Sócrates era um desses sujeitos; conhecia muito a tradição, observava os céus,
até demais. Ele não era um bom exemplo de pai de família, na verdade, muito
pelo contrário, nos ensinou pelos exemplos negativos. Normalmente ele chegava
tarde em casa, pois ficava o dia inteiro na rua, conversando e filosofando, e era
completamente irresponsável em prover os alimentos e o dinheiro que a sua
casa necessitava para sobreviver, deixando a sua esposa à deriva das
circunstâncias. Em certo dia, Sócrates chega em casa e se depara com sua
mulher muito brava, cobrando-o acerca das necessidades básicas; ao ser
ignorada, sua esposa joga um balde de água gelada nas costas dele, e ele pensa
imediatamente: “Depois do trovão, sempre vem a chuva”. Esta é uma piada, uma
anedota, que tem o seu fundo de verdade, já que só esbravejando ela não
conseguiria despejar toda a sua raiva – muito bem fundada, por sinal -, Xantipa
precisaria fazer algo mais do que falar, já que parecia que Sócrates não se
abalava com nada (nem quando foi condenado à morte).
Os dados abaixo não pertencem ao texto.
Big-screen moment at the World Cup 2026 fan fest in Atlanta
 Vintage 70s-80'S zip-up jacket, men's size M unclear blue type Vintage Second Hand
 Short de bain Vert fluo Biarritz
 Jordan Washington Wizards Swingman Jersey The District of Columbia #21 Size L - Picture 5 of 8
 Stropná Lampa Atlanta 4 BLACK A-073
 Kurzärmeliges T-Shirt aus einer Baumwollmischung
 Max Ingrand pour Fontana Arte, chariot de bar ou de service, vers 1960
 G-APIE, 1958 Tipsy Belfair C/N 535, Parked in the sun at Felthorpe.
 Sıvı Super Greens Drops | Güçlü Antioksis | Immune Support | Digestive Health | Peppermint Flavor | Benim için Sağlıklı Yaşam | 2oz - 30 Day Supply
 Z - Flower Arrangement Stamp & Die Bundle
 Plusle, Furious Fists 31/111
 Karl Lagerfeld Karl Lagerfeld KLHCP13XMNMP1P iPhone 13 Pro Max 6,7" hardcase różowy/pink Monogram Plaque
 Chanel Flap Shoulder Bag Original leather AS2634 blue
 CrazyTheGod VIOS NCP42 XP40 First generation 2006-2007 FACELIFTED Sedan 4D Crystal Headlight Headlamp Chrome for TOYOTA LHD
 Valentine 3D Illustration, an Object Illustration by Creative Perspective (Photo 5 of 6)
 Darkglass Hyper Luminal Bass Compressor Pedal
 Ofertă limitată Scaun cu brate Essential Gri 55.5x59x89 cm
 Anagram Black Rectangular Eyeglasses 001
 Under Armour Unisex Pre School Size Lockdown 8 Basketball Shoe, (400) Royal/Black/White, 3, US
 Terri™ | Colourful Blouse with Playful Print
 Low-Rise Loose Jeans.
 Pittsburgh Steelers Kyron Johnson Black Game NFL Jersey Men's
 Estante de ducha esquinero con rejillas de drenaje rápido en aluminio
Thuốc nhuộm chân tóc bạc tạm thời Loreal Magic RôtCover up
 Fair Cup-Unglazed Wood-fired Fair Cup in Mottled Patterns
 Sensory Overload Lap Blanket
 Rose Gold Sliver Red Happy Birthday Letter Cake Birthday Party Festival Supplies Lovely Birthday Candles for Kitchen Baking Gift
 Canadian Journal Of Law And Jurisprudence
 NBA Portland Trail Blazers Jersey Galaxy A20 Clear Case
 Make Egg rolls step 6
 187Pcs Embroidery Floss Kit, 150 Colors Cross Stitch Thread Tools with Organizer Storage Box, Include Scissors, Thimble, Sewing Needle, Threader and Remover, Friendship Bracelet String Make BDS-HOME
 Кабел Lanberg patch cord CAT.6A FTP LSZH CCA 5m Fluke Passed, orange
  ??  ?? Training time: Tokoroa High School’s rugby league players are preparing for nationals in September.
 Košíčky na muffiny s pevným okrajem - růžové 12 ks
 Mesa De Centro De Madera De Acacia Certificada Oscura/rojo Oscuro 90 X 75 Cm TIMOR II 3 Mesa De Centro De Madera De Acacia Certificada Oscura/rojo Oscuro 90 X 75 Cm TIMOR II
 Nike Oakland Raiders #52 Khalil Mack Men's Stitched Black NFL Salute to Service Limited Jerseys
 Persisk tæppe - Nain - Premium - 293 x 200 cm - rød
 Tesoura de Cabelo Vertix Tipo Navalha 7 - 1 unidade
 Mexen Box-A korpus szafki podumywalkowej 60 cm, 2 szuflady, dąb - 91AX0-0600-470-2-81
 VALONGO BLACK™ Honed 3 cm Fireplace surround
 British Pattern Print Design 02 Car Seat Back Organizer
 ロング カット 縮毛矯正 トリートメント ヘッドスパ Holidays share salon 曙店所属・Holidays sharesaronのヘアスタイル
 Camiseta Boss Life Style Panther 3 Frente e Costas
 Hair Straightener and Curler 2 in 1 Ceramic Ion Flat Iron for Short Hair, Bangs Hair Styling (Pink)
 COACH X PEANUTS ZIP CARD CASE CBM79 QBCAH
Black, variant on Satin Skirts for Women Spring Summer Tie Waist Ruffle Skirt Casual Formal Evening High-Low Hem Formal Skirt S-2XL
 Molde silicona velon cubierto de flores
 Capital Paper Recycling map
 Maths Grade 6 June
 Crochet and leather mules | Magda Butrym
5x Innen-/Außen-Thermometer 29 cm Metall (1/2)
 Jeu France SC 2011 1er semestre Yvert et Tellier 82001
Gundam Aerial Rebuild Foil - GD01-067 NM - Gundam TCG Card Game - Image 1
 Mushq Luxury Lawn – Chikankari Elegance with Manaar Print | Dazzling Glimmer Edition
Essas informações que me são trazidas, porque olho para o céu, porque
conheço as histórias que a minha vó tinha ouvido pai dela, e assim por diante, é
onde a gente evoca o verbo latino tradere, em português tradição. O que é-nos
trazido não pode trazer tudo que foi produzido pelo homem, mas classifica
algumas coisas as quais nomeia clássicos e nos traz essas coisas; por isso nós
dizemos que precisamos de uma educação clássica, para que nós sejamos
livres. A educação é necessária para que sejamos livres como Sócrates, que
mesmo levando um balde de água gelada nas costas permanecia resoluto,
concluindo que o errado na história era ele mesmo, por ter ficado na rua mesmo
depois de haver trovejado. É conhecendo as coisas que nós somos livres; eu
não sou livre para ir a pé para casa, se eu não conhecer o caminho até lá,
portanto, se eu não conheço as coisas eu não tenho liberdade, e esta está
condicionada àquilo que eu conheço. Se eu conheço muitas línguas, sou livre
para me comunicar com várias pessoas, se conheço apenas a Língua
Portuguesa, poucas pessoas fora daqui vão me entender. Se eu consigo modular
mais a minha linguagem, me adaptar aos diferentes estilos, dentro do meu
próprio estado, país, continente e do mundo todo, mais livre eu sou para obter
mais informação, formação, entender mais pessoas, ter mais contato e mais
trocas humanas com tais pessoas. Se eu sei calcular a área de um quadrado, eu
também consigo calcular a área de um retângulo e até mesmo de um triângulo,
se não sei esse primeiro passo, dificilmente conseguirei alcançar o segundo; se
não sei o que é uma linha, dificilmente conseguirei calcular a área do quadrado,
mas com um primeiro passo, de calcular a área do triângulo – por exemplo -, já
posso tentar a de círculos, quadriláteros e assim por diante. Quanto mais eu sei,
mais livre eu sou para fazer coisas a mais. Essa liberdade é interior; existe
também uma liberdade por analogia, que é aquela de quando o sujeito está
preso, mas ainda é livre para o exercício de qualquer liberdade anterior.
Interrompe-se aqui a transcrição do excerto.